_What this task involves_
Within the entries that follow, show each line where the word "back" occurs.

_Dataset entries_
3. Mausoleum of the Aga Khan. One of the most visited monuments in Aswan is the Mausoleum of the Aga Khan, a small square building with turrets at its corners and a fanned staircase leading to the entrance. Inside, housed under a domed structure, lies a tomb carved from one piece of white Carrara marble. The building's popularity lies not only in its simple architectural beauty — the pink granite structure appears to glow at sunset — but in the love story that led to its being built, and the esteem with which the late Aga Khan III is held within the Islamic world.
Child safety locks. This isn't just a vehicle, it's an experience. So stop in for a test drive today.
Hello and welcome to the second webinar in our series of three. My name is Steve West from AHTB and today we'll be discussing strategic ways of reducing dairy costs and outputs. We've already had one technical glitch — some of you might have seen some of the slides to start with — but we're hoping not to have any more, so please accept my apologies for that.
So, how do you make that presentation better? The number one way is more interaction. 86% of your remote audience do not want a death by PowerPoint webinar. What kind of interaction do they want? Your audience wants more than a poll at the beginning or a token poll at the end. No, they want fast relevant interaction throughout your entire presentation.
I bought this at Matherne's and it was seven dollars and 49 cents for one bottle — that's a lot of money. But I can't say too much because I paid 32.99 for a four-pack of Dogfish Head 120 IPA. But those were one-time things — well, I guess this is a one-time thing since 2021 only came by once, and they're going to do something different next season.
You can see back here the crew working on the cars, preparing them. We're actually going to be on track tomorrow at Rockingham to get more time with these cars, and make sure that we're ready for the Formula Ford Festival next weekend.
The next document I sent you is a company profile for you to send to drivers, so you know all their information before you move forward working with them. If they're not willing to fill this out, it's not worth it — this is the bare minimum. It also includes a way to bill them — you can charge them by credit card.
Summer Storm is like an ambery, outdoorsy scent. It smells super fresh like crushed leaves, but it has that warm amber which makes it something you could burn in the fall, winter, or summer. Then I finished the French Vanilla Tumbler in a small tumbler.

==

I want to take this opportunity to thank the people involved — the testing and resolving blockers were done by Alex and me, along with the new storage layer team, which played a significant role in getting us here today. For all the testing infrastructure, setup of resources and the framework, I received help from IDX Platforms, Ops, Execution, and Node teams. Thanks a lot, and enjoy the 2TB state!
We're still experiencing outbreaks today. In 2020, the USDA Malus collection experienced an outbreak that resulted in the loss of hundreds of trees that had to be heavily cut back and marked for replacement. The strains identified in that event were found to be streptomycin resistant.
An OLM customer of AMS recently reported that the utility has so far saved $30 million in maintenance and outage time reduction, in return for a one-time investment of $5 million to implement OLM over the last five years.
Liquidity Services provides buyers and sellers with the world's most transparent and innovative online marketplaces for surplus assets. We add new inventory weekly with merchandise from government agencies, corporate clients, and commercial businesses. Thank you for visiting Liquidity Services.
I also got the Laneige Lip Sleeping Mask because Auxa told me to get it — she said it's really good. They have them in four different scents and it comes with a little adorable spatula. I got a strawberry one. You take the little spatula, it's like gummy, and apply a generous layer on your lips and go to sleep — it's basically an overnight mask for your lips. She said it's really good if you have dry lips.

==

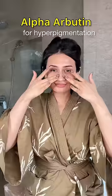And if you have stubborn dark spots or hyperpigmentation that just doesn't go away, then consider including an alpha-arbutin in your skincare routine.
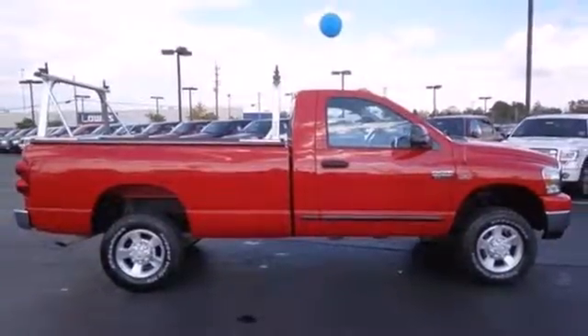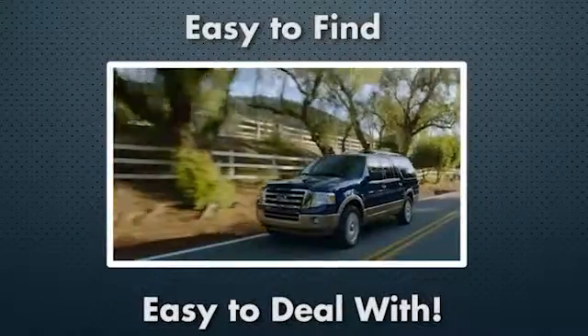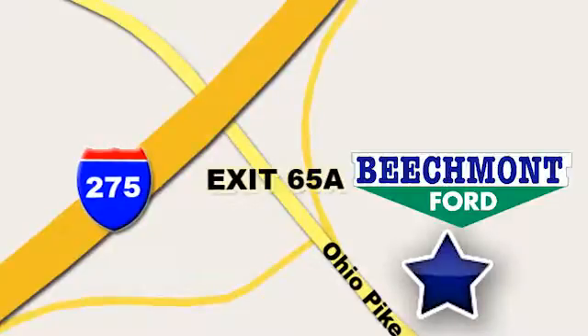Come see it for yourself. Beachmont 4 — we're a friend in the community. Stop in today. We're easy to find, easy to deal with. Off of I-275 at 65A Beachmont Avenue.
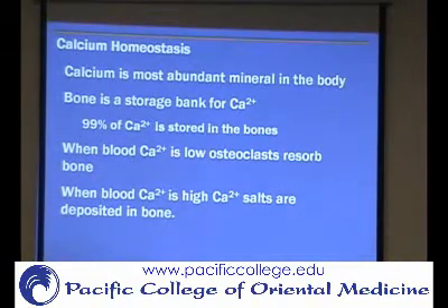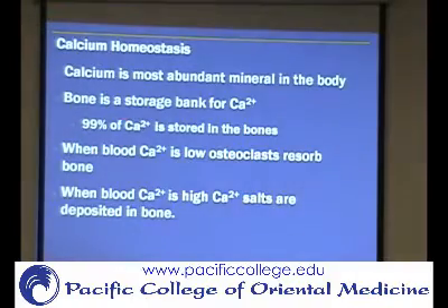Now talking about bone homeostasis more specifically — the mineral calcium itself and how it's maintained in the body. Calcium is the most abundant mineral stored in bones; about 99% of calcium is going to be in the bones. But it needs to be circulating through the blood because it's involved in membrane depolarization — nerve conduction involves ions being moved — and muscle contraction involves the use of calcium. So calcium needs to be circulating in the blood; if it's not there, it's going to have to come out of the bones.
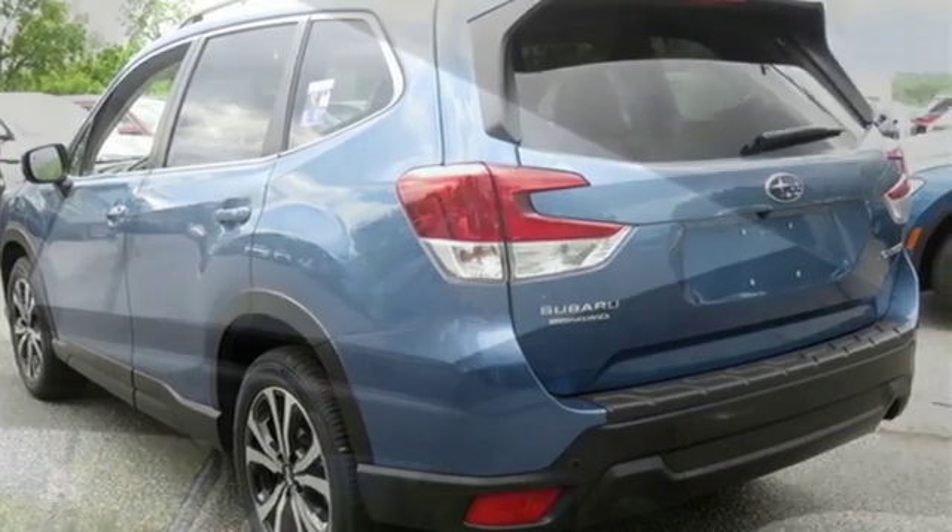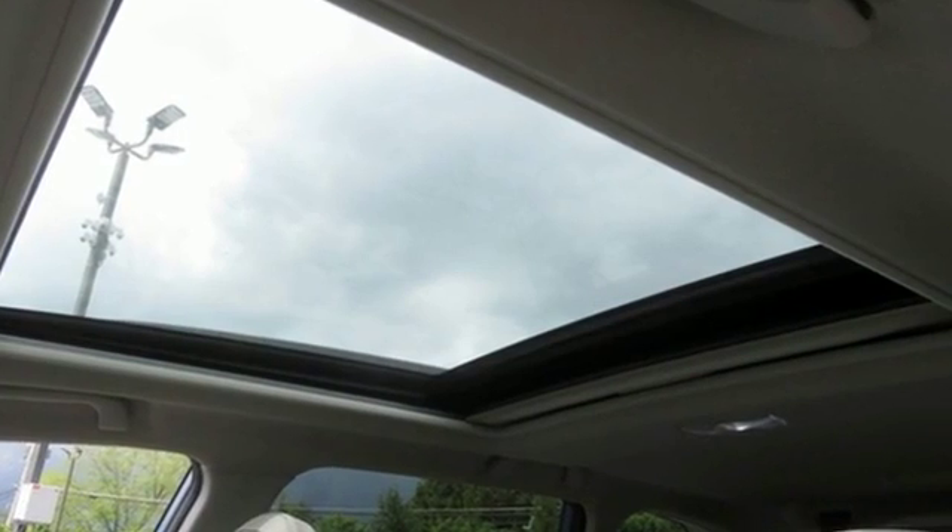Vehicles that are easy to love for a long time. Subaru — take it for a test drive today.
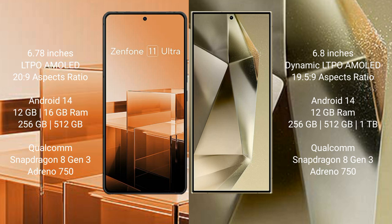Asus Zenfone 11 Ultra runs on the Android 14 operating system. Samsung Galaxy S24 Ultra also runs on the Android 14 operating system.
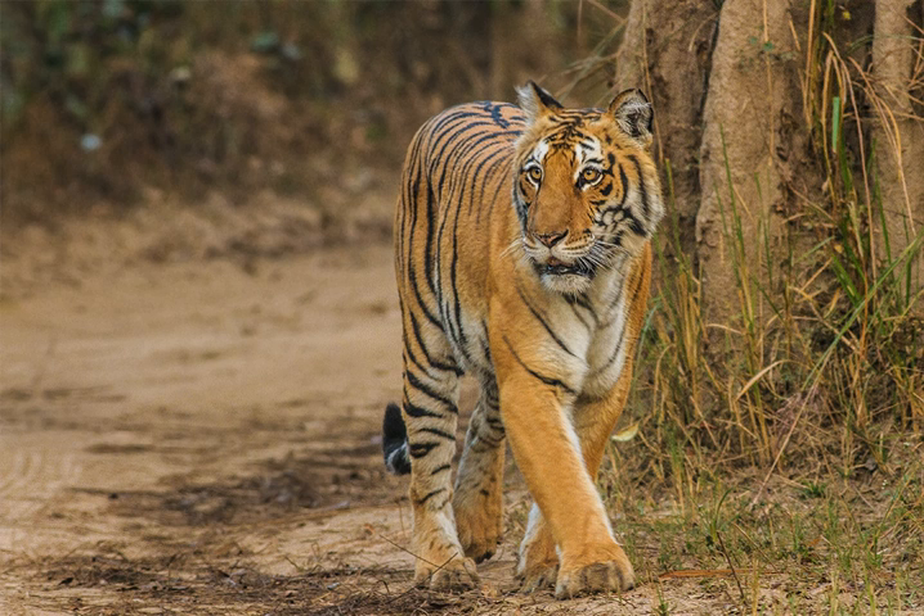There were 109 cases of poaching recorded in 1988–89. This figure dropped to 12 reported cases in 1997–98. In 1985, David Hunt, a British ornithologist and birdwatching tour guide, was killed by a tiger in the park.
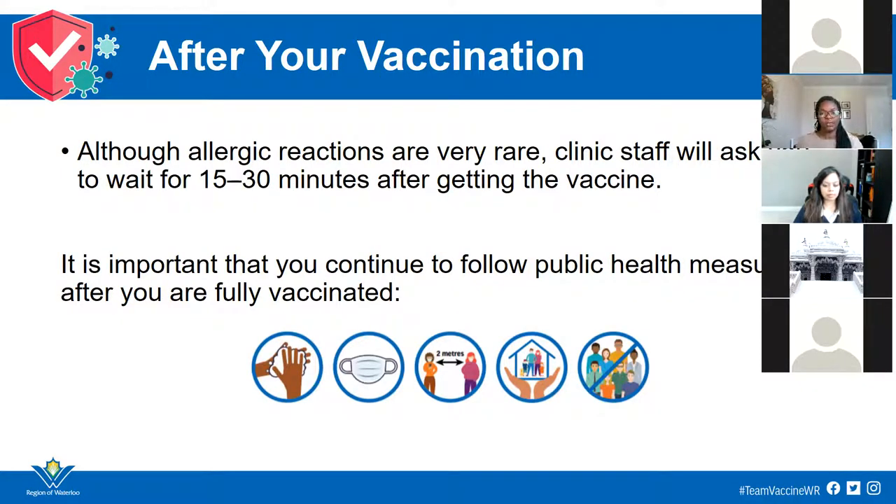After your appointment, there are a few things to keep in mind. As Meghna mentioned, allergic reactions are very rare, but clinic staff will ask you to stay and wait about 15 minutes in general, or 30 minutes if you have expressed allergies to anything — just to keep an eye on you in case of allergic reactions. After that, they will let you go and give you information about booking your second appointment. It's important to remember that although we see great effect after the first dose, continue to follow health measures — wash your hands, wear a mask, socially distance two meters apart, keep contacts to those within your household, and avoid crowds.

_Expected output_
You can see back here the crew working on the cars, preparing them. We're actually going to be on track tomorrow at Rockingham to get more time with these cars, and make sure that we're ready for the Formula Ford Festival next weekend.
We're still experiencing outbreaks today. In 2020, the USDA Malus collection experienced an outbreak that resulted in the loss of hundreds of trees that had to be heavily cut back and marked for replacement. The strains identified in that event were found to be streptomycin resistant.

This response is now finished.